Today it is a hub for Metrolink commuter trains and Amtrak services to faraway cities such as Chicago and Seattle. These trains have to pull in and then back out in a clumsy manoeuvre. But there are plans for through tracks in time to carry the high-speed services that California is desperate to have by 2020 under an ambitious $42 billion plan to connect San Diego, Los Angeles, San Francisco and Sacramento.
California's plans were given a boost by Barack Obama's stimulus package last year. This earmarks a lump sum of $8 billion, plus $1 billion a year, to help construct fast rail corridors around America (see map). Such lines are common in Europe, Japan and, increasingly, China, yet the only thing at all like them in America is Amtrak's Acela service from Boston via New York to Washington, DC. It rarely reaches its top speed of 150mph (240kph) and for much of the way manages little more than half that, because the track is not equipped for higher speeds. Acela, like virtually all trains run by publicly owned Amtrak, has to use tracks belonging to freight railways, whose trains trundle along at 50mph; passenger trains must stick below 80mph. Despite the excitement of railway buffs and the enthusiasm of environmentalists, high-speed rail in America is likely to mean a few more diesel-electric intercity trains at 110mph, not swish electric expresses going nearly twice as fast.

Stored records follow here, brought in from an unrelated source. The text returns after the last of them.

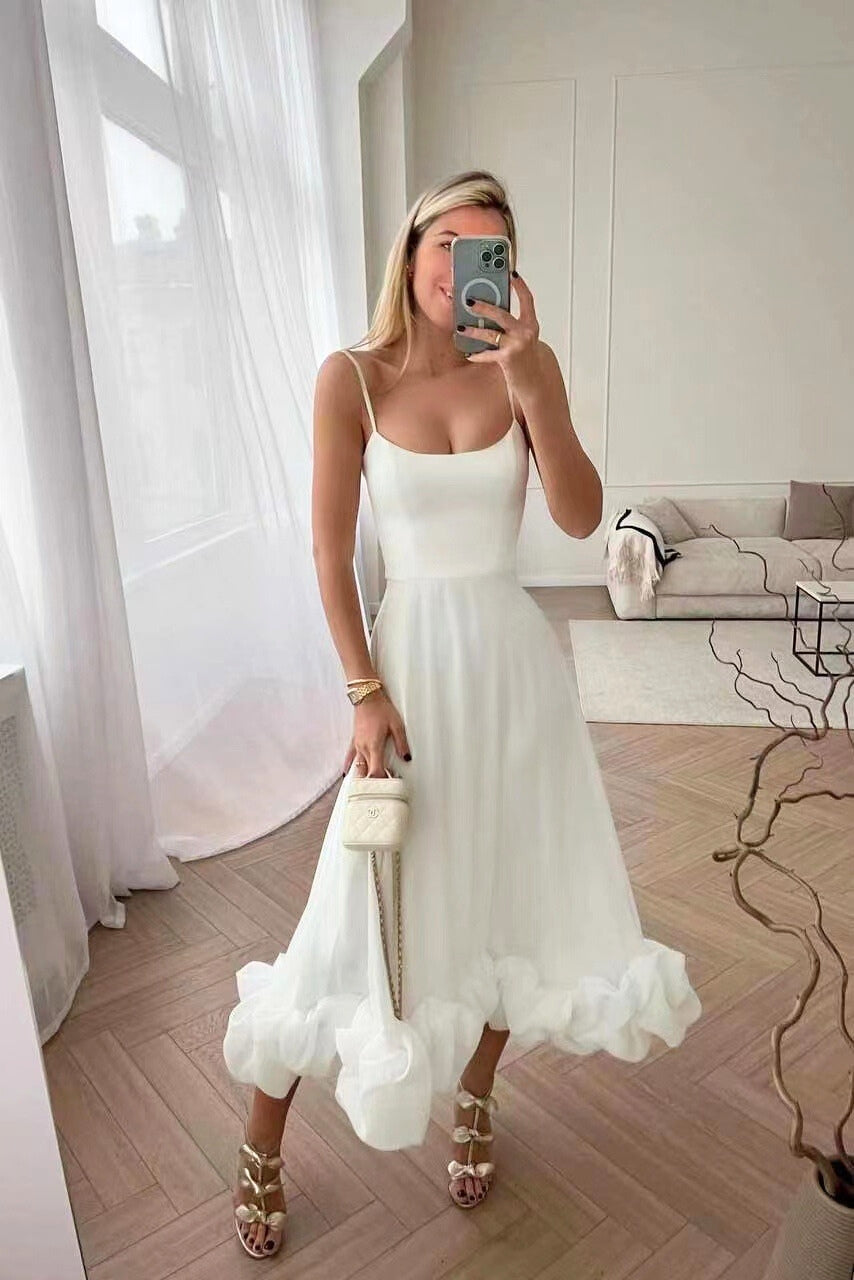 Celeste | Women’s Elegant Ruffle Hem Wedding Guest Dress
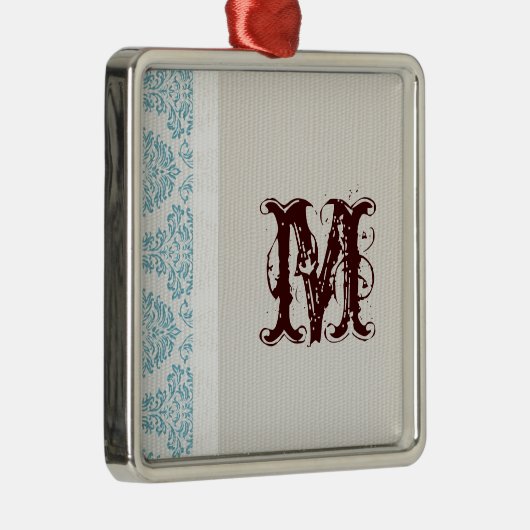 Blauw filigraan Damask Monogram Initiaal Ornament (Rechts)
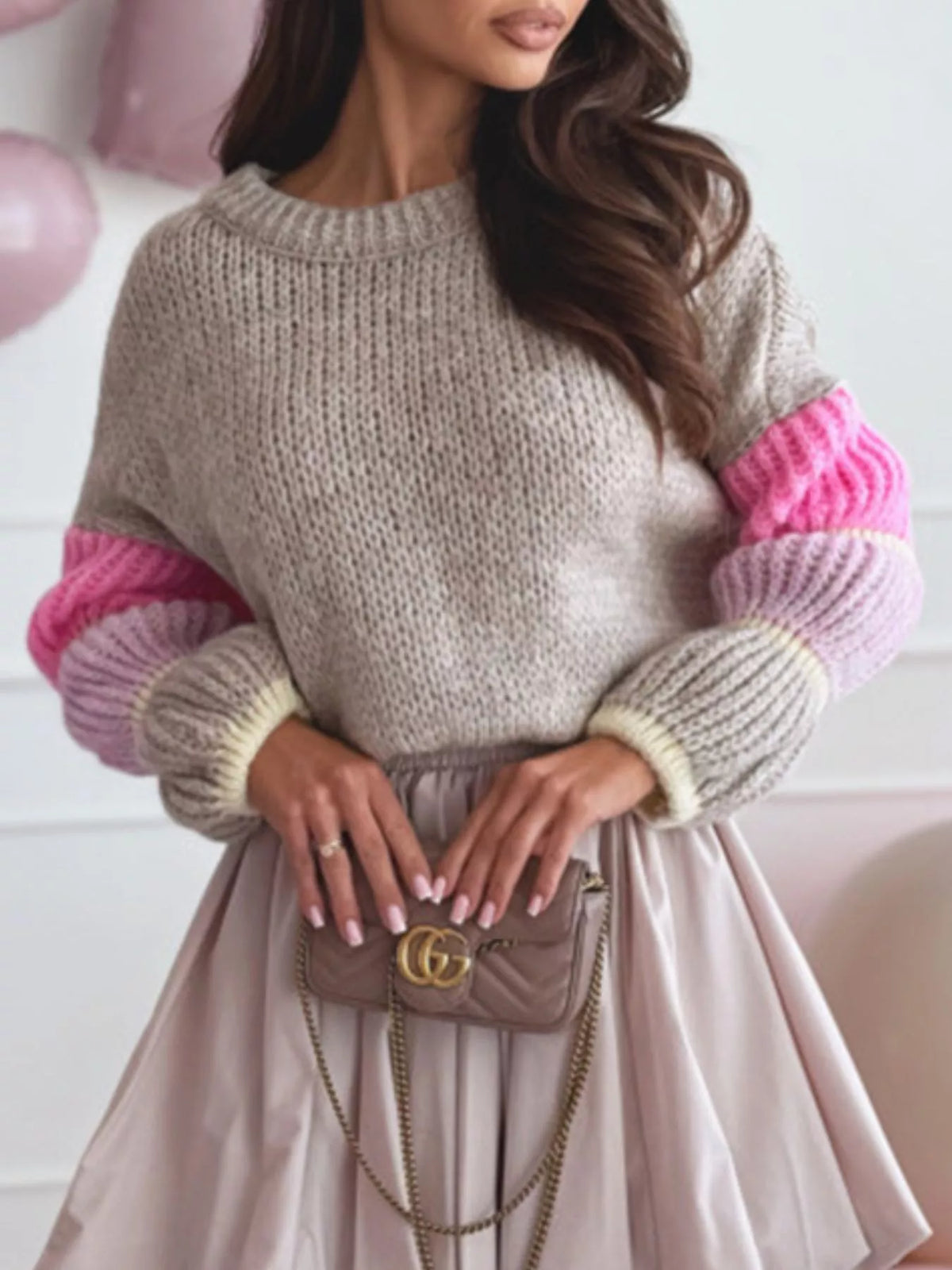 City Contrast Color Block Sweater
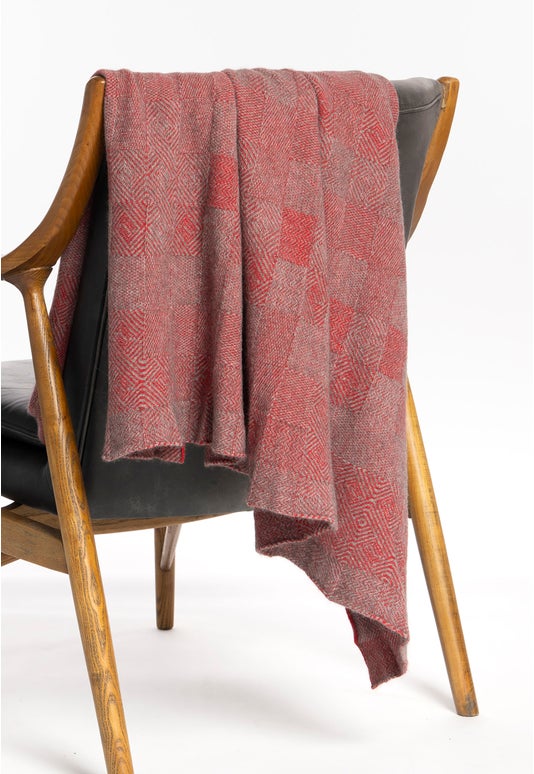 Merino Possum Jacquard Throw Red/Mist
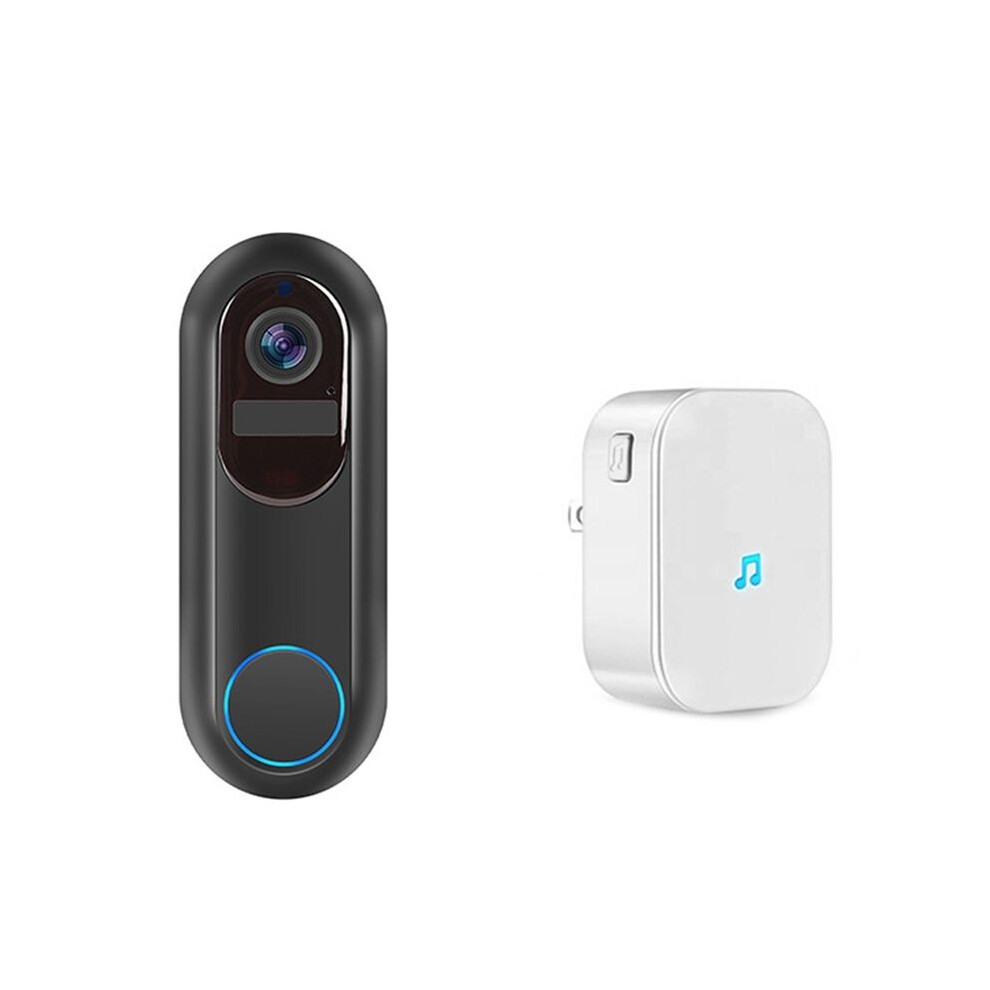 1080P Wireless Video Doorbell Camera Wireless Video Doorbell With Chime Two-Way Talk Night Vision Black 6031487771194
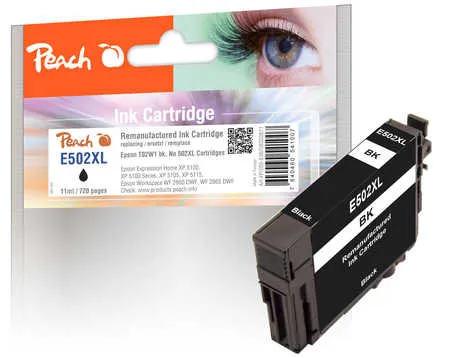 Peach Cartouche d'encre  noir, compatible avec
 No. 502XLBK, C13T02W14010 Epson Expression Home XP-5100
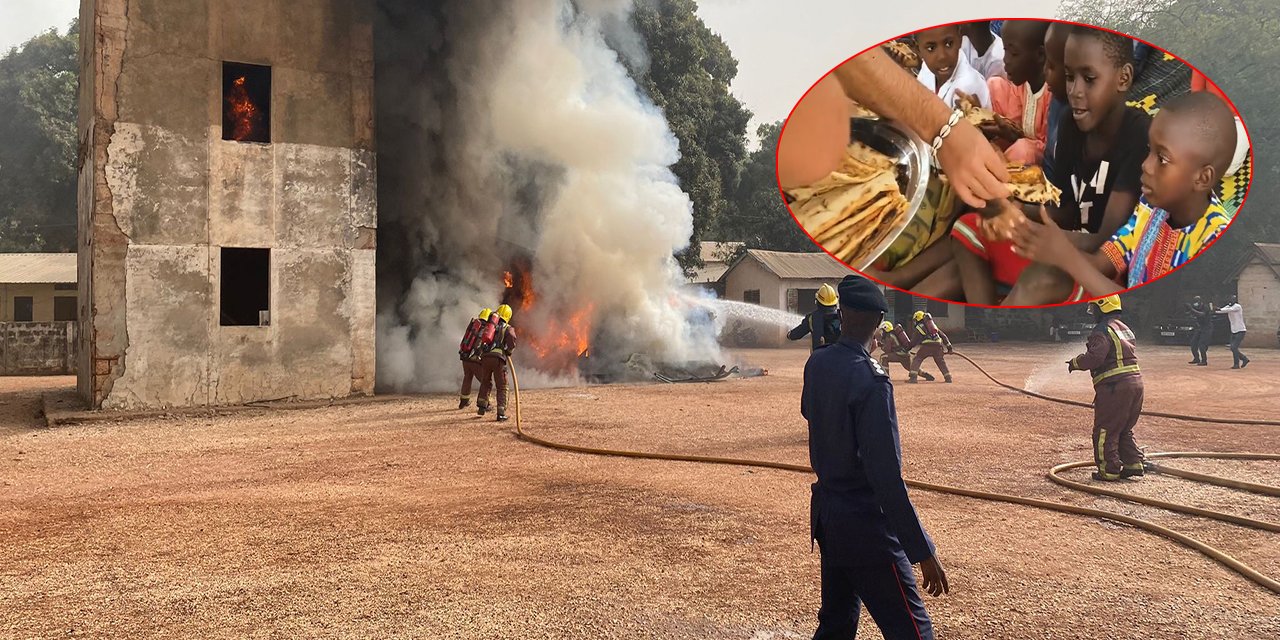 Konya İtfaiyesinden Gambiya’da çocuklara etliekmek sürprizi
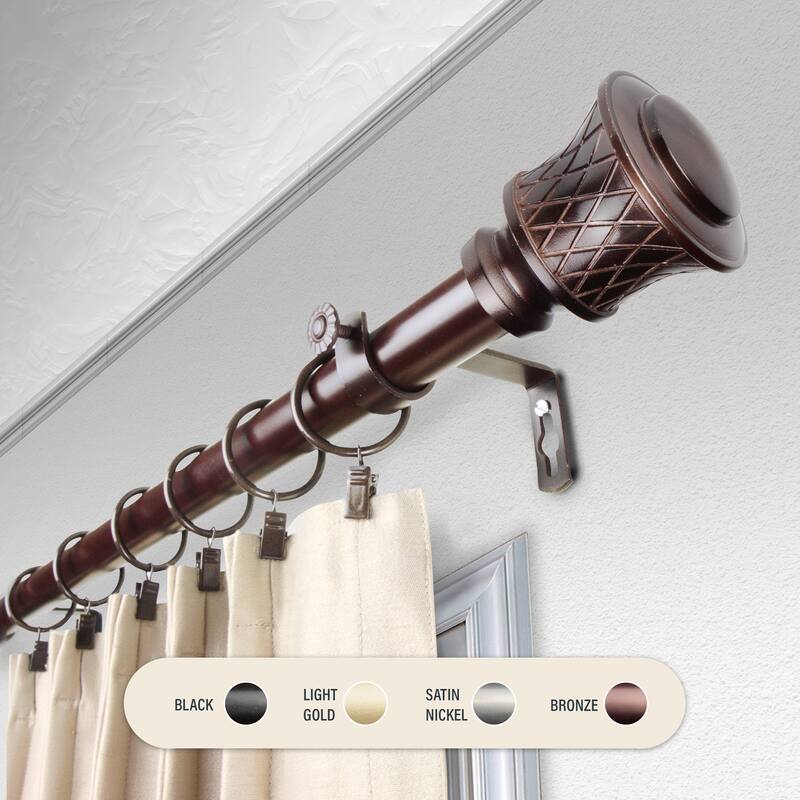 InStyleDesign Prisy 1 inch Diameter Adjustable Curtain Rod - 160 to 240 inches - Bronze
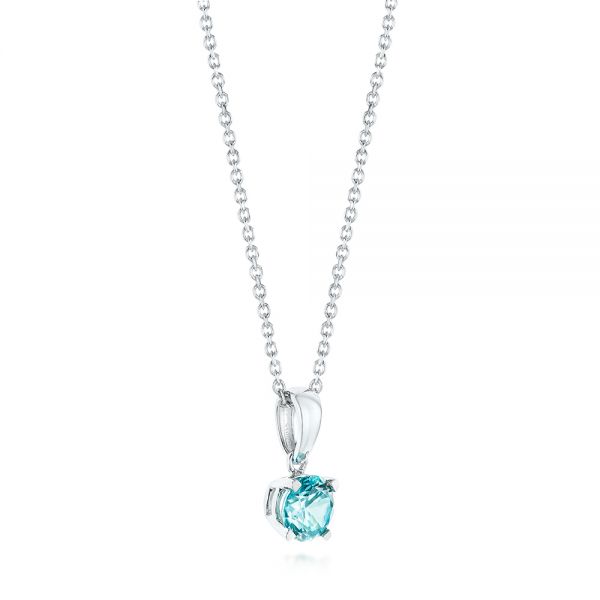  Platinum Platinum Blue Topaz Pendant - Front View -  103708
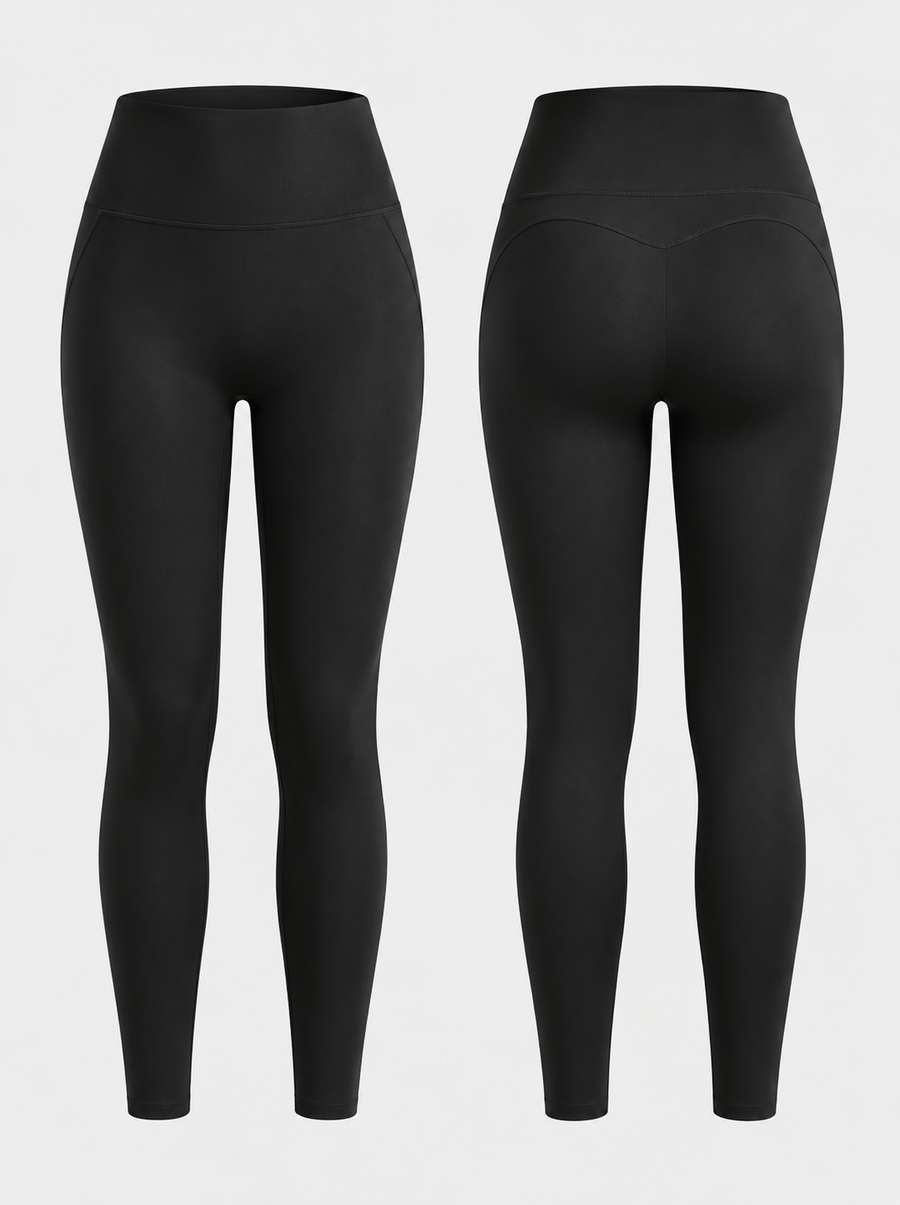 Silueta: leggings negros de cintura alta, vista frontal y trasera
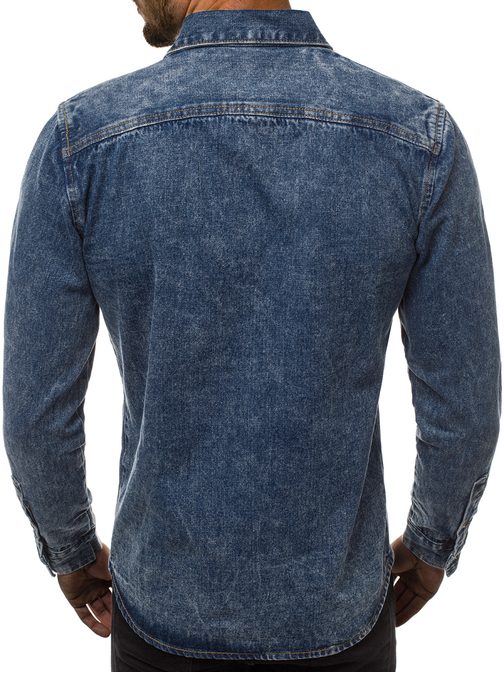 Moderná rifľová košeľa modrá  Y/78193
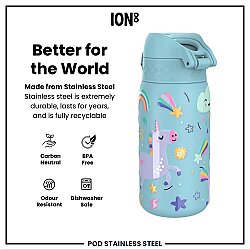 ION8 Sızdırmaz Çocuk Su Termosu (320 ml) - Mavi Unicorn - 5
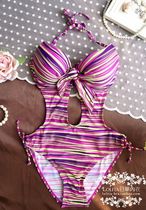 European and American cross tie high waist temperament strap big chest small chest backless one-piece swimsuit bikini hollow swimsuit women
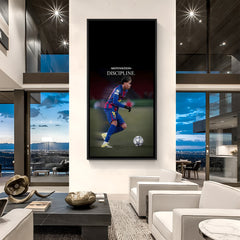 Lamine Yamal inspirational football wall art in black floater frame premium soccer canvas decor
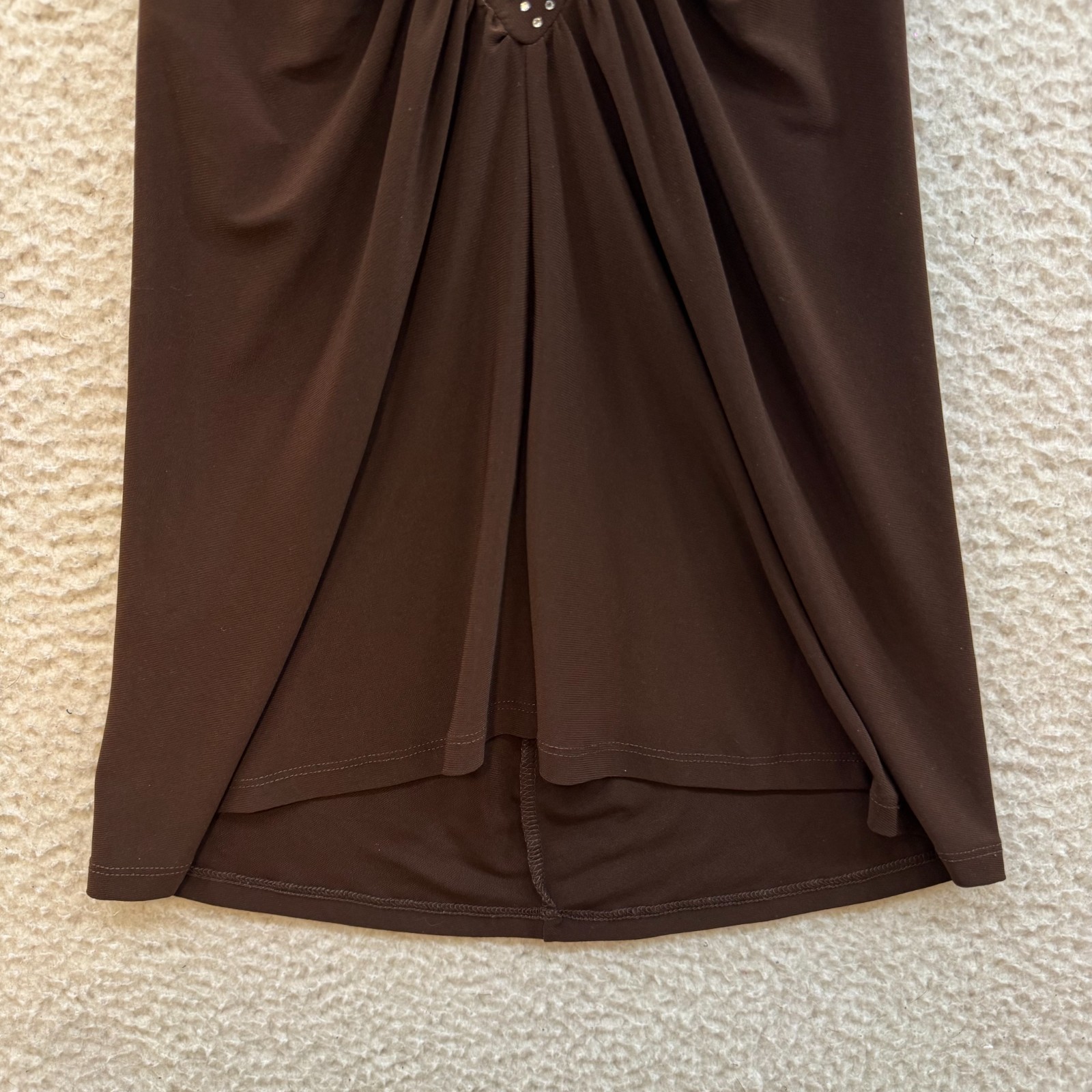 90s Y2K Vintage Halter Mini Dress Medium Brown Plunge Backless Rhinestone Gogo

But the problem with America's plans for high-speed rail is not their modesty. It is that even this limited ambition risks messing up the successful freight railways. Their owners worry that the plans will demand expensive train-control technology that freight traffic could do without. They fear a reduction in the capacity available to freight. Most of all they fret that the spending of federal money on upgrading their tracks will lead the Federal Railroad Administration (FRA), the industry watchdog, to impose tough conditions on them and, in effect, to reintroduce regulation of their operations. Attempts at re-regulation have been made in Congress in recent years, in response to rising freight rates. “The freight railroads feel they are under attack,” says Don Phillips, a rail expert in Virginia.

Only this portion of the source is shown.